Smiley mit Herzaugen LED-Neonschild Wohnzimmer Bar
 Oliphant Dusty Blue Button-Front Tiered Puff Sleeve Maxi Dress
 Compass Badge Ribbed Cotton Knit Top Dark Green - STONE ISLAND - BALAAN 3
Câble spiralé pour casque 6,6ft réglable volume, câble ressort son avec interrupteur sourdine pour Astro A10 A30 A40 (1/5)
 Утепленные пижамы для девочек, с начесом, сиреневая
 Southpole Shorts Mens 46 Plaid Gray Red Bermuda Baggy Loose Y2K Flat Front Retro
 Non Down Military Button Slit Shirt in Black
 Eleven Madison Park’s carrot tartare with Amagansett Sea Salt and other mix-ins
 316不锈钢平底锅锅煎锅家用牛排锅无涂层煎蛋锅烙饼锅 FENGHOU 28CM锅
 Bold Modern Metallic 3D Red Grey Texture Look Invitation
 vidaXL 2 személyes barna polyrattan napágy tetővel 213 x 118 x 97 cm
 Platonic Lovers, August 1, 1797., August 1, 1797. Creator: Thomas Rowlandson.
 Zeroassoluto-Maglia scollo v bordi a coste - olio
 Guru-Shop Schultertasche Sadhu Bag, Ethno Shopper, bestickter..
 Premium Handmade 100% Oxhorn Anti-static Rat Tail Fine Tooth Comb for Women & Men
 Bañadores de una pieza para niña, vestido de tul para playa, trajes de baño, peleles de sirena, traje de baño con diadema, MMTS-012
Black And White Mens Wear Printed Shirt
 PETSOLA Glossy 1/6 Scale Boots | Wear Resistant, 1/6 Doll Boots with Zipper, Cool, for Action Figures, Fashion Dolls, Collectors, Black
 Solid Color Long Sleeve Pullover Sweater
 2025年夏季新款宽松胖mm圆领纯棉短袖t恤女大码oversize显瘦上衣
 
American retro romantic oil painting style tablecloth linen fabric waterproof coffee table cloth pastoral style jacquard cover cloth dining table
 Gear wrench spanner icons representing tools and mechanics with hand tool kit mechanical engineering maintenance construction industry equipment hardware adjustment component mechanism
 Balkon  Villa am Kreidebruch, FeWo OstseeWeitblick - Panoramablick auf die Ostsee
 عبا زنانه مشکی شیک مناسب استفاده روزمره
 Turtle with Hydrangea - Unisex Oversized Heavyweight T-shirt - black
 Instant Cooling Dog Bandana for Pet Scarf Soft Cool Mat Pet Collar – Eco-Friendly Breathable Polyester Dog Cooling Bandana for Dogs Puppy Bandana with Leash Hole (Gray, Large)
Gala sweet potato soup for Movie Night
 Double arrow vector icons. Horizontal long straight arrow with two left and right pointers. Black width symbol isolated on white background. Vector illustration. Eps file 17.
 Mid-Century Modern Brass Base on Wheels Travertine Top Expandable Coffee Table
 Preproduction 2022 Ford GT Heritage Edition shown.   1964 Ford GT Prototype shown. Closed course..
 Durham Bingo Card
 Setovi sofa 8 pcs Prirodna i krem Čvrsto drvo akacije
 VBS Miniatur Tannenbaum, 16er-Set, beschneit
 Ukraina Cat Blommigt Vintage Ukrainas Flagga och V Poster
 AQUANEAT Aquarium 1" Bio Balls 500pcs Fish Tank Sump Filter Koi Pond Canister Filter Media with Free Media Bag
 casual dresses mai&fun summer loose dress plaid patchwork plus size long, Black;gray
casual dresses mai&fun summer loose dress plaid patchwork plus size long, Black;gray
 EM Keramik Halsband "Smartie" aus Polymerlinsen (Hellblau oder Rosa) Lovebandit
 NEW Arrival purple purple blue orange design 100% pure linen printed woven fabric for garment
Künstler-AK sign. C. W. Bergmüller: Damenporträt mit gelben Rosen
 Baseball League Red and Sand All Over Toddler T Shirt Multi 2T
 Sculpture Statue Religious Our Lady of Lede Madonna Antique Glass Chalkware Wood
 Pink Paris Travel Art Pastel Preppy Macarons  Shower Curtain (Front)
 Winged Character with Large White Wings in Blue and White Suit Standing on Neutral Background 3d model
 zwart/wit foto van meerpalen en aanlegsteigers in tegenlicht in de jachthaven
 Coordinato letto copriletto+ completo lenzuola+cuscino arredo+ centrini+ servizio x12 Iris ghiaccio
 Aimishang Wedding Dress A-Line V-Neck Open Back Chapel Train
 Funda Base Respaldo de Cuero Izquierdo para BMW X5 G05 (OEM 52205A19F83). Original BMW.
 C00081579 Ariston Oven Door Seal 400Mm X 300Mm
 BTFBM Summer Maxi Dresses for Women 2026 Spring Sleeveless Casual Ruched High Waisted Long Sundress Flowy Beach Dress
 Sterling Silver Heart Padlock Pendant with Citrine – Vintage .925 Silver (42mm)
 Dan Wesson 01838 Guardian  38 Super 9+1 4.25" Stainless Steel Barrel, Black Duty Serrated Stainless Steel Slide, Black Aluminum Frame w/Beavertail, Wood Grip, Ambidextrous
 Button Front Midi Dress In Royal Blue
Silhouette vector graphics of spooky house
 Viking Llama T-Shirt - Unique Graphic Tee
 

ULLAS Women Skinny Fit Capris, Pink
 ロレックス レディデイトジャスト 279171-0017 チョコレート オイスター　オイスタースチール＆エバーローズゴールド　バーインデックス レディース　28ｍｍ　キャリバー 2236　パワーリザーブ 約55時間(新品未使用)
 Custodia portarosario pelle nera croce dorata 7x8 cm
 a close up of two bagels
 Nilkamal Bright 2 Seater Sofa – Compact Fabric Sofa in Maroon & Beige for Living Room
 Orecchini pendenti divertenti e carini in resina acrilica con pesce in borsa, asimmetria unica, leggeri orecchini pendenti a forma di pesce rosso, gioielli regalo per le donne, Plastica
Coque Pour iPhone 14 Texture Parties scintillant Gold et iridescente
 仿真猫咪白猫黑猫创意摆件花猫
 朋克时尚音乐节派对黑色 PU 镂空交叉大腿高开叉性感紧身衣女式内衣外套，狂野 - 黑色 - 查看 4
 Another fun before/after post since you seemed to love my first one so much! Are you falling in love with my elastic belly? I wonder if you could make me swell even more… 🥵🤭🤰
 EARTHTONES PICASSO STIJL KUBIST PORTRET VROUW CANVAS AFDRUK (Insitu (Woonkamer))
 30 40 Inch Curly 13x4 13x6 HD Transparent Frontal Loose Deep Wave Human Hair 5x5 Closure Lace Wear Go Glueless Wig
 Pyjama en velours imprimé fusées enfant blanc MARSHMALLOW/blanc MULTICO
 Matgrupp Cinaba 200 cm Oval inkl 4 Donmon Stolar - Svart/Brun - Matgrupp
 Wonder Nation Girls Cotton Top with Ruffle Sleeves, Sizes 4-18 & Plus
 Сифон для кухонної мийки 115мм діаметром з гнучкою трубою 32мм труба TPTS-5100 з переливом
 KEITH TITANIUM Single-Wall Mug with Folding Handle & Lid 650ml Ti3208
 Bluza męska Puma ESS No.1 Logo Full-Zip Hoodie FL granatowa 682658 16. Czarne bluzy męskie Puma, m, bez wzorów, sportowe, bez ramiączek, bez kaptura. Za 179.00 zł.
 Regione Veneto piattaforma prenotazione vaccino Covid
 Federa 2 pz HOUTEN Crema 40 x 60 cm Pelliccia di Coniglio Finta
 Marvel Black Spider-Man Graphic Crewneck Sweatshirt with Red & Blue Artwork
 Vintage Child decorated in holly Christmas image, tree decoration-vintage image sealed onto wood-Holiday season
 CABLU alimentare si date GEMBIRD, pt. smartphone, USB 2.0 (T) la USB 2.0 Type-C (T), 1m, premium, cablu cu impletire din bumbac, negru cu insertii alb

■ **Exercise**
From the material above, copy exactly the lines between the line holding "Custodia portarosario pelle" and the line holding "Coque Pour iPhone", inclusive, and only those.

■ **Response area**
 Custodia portarosario pelle nera croce dorata 7x8 cm
 a close up of two bagels
 Nilkamal Bright 2 Seater Sofa – Compact Fabric Sofa in Maroon & Beige for Living Room
 Orecchini pendenti divertenti e carini in resina acrilica con pesce in borsa, asimmetria unica, leggeri orecchini pendenti a forma di pesce rosso, gioielli regalo per le donne, Plastica
Coque Pour iPhone 14 Texture Parties scintillant Gold et iridescente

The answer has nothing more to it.